The greater yellow-headed vulture is a scavenger and subsists entirely on carrion. It will eat roadkill or other animal carcasses, such as snakes, armadillos, dogs, foxes and cattle. Forest diet is likely to include high proportion of carcasses of the abundant sloths (Choloepus/Bradypus), whose combined total range coincides largely with those of this species and the lesser yellow-headed vulture, as well as monkeys, sloths, opossums, rats, birds and fish. It prefers fresh meat, but often cannot make the first cut into the carcass of a larger animal as its beak is not strong enough to tear into the tough hide. After a few days, the greater yellow-headed vulture will no longer feed on a piece of carrion, as the meat will begin to decay and become contaminated with microbial toxins. It will drink water from a pool, pond, or any receptacle provided. Like other vultures, they play an important role in the ecosystem by disposing of carrion which could otherwise be a breeding ground for disease.

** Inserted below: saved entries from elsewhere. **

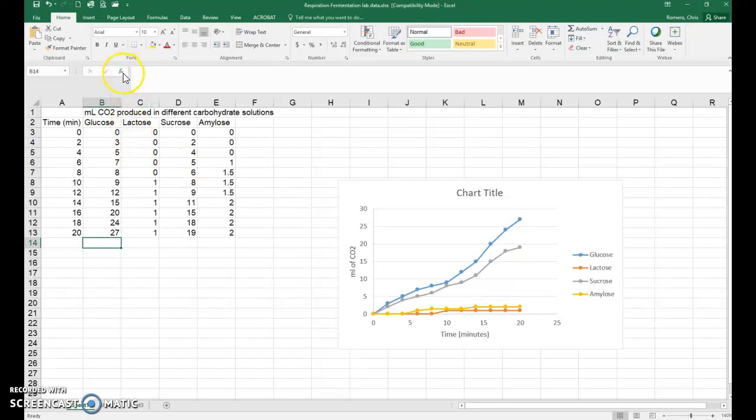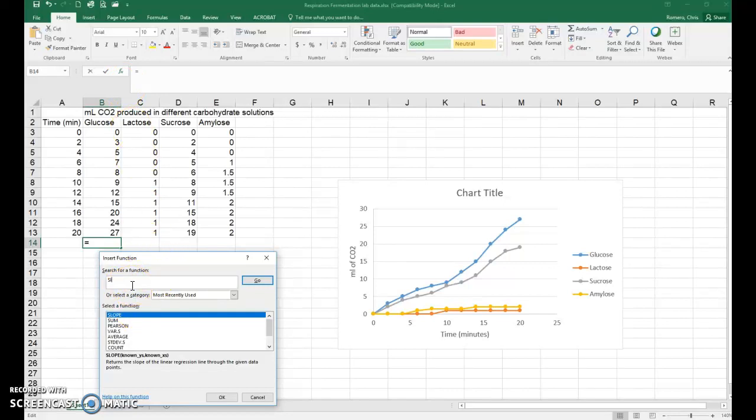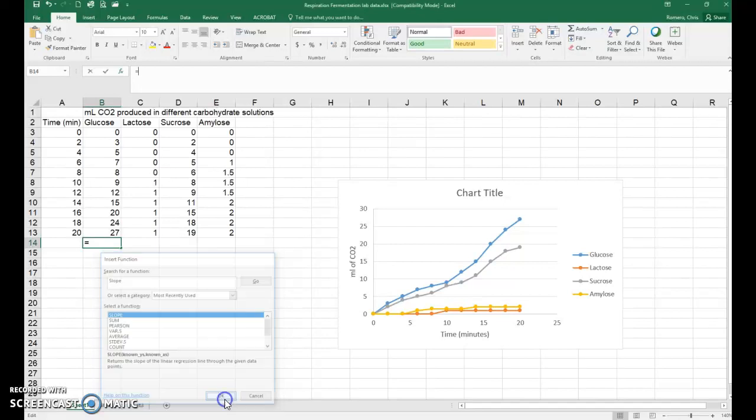So you go up to the Insert Function button and just click on that. And it's going to ask you to search for a function. You can just type in slope there because that's what we're calculating. Or if it's already available because you've used it before, just double-click on that and it'll open that function up.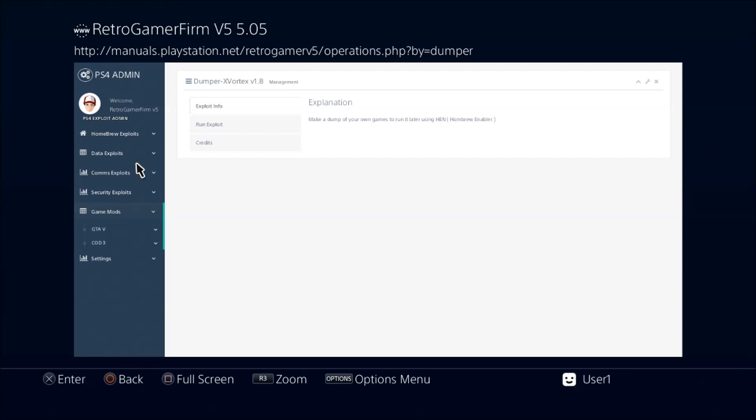Yeah, that's pretty much it—just another choice that you have when you want to run the exploit on your 5.05 PS4. Thanks for watching the video guys. Don't forget to thumbs up, and I'll see you on the next one.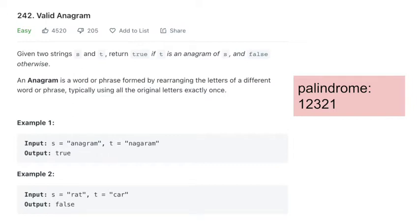For example, looking at example 1, T is an anagram of S because the number of times the letters A, N, G, R, A, M all occur are the same. Now if we look at example 2, rat and car, you can see that there are letters that appear in T that don't appear in S, so this is false.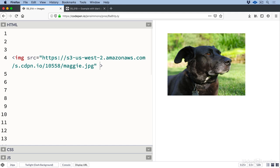We also need an alt attribute. This acts as a substitute for the image whenever the image can't be seen. People who are blind may use a screen reader that reads the alt text aloud to them. This is what they experience of this image. Let's make it interesting: shiny black dog looking pensive.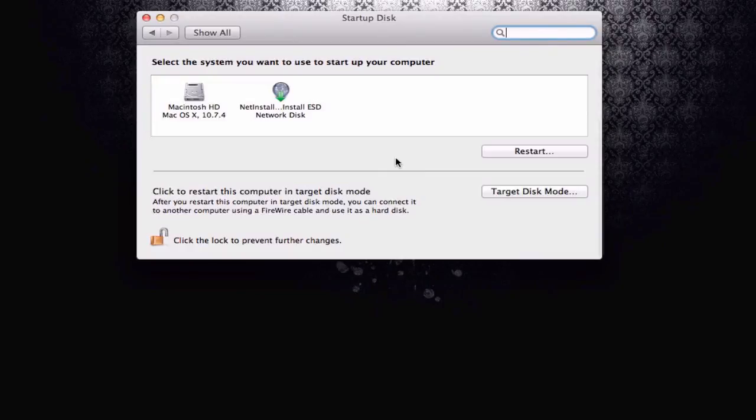That's all I have for this week. That gives you a good idea of how NetInstall works. There's also the ability to NetBoot everything off the server. I'll be back next week with another screencast to help you learn how to do more things with your Mac.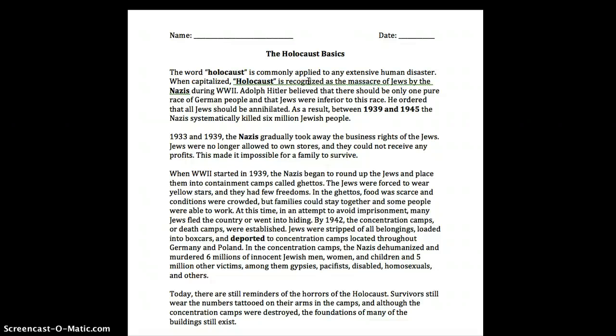Adolf Hitler believed there should only be one pure race of German people and that the Jews were inferior to this race. He ordered that all Jews should be annihilated. As a result, between 1939 and 1945 the Nazis systematically killed six million Jewish people.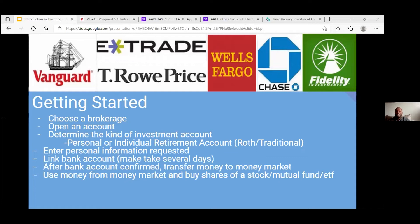Then you have a traditional IRA — money is added before taxes, and withdrawals after 59 and a half will be taxed at your income tax bracket. Normally people would use a traditional IRA, add money before taxes, and then when they retire, hopefully they'll be in a lower tax bracket.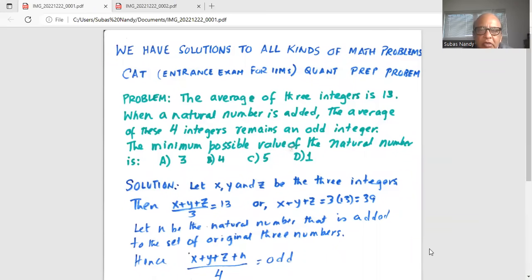Without further ado, I'll get started. Problem: The average of three integers is 13. When a natural number is added, the average of these four integers remains an odd integer. The minimum possible value of the natural number is — and we have four options.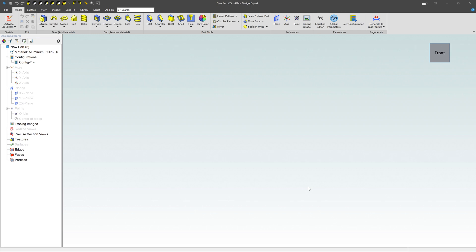In this video, we're going to be covering how to navigate in the 3D workspace. You can see here most of our work is going to be done in the main work area here in the center of the screen.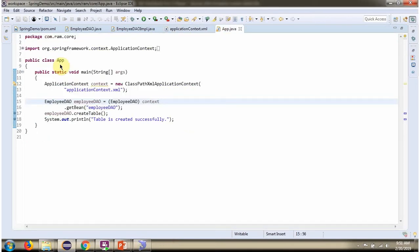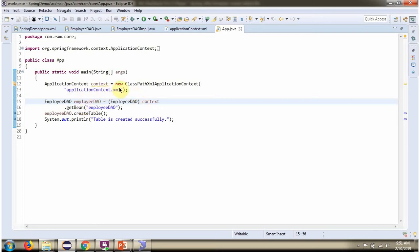Here I have defined the App class. I have created an application context object by reading the Spring configuration file. Using the getBean method of application context object, I'm getting the EmployeeDAO object from Spring container. Then I am calling the createTable method, which will create a table in the database.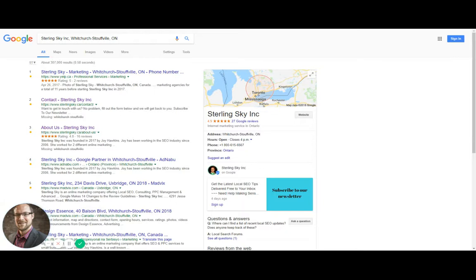So my goal, for example, is to get the CID number for the Sterling Sky Google My Business listing.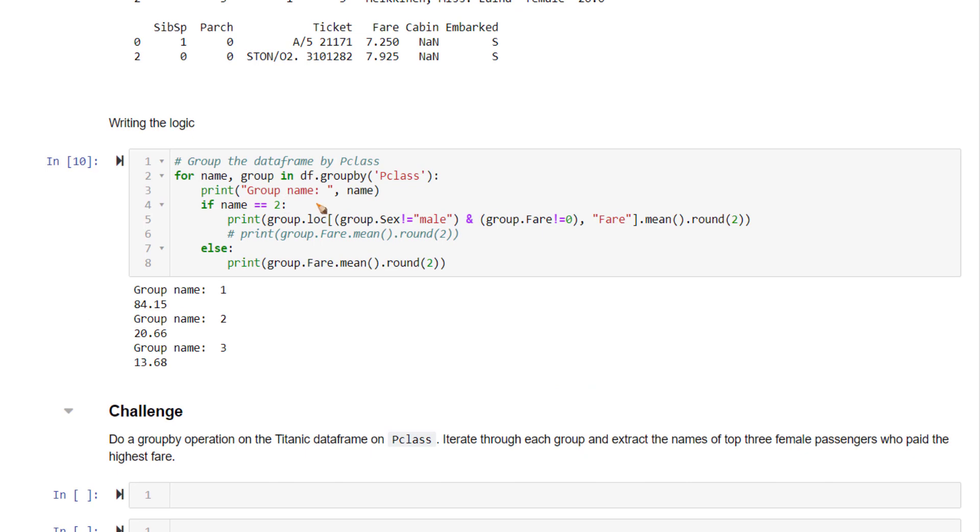So that is the logic I've written here. I'm checking if name equals 2 (second class), and if sex equals male and fare equals zero, we want to exclude them. Take the fare for all the remaining rows and compute the mean.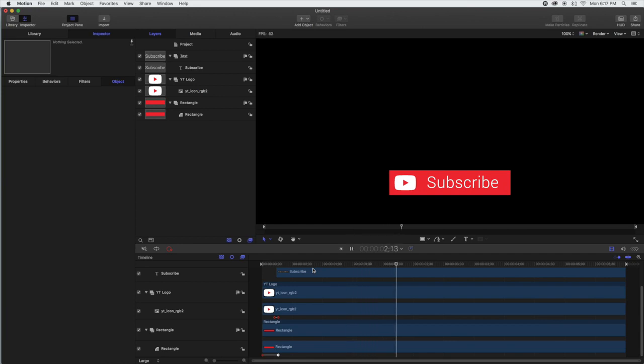I hope you found that tutorial helpful to add a little subscribe banner to your YouTube videos to give that little visual boost to help remind people to click that button. Remember, like, comment, and subscribe if you enjoyed the video. Let us know below what you'd like to see in the future. Make sure to check back in. See ya!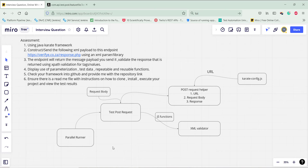In this manner you can approach and implement the solution for this assessment. In this entire implementation we demonstrated the use of parameterization, test data, and repeatable and reusable function concepts. I hope you liked this video — please let me know how you would implement this assessment in the comment section.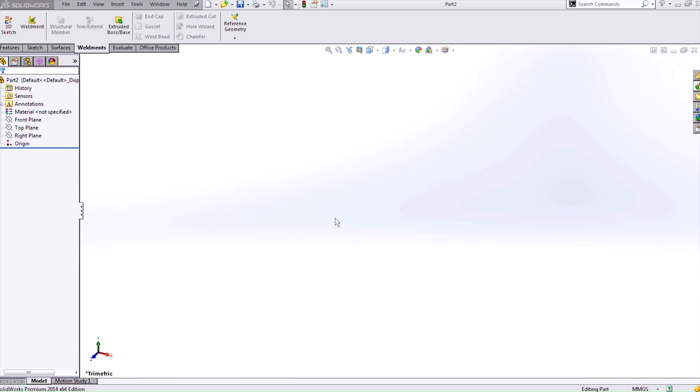Hello, my name is Holly Cheek and I'm an applications engineer for Hawk Ridge Systems. Today we will be going over how to create a custom configured weldment profile and use it in SolidWorks.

The greater yellow-headed vulture forages using its keen eyesight to locate carrion on the ground, but also uses its sense of smell, an ability which is uncommon in the avian world. It locates carrion by detecting the scent of ethyl mercaptan, a gas produced by the beginnings of decay in dead animals.
The olfactory lobe of its brain responsible for processing smells is particularly large compared to other animals. This characteristic of New World vultures has been used by humans: ethyl mercaptan is injected into pipelines, and engineers looking for leaks then follow the vultures.

King vultures, which lack the ability to smell carrion, follow the greater yellow-headed vultures to carcasses, where the king vulture tears open the skin of the dead animal. This allows the smaller greater yellow-headed vulture access to food, as it does not have a bill strong enough to tear the hide of larger animals. This is an example of mutual dependence between species. It is generally displaced from carcasses by both turkey vultures and king vultures, due to their larger size.

==Conservation==
The greater yellow-headed vulture is listed as a species of least concern by the International Union for Conservation of Nature (IUCN). It has an estimated global range of 6,700,000 km2 and a population of between 100,000 and 1,000,000 individuals. There is evidence that suggests a decline in the species' population, but it is not significant enough to warrant an upgrade in conservation status.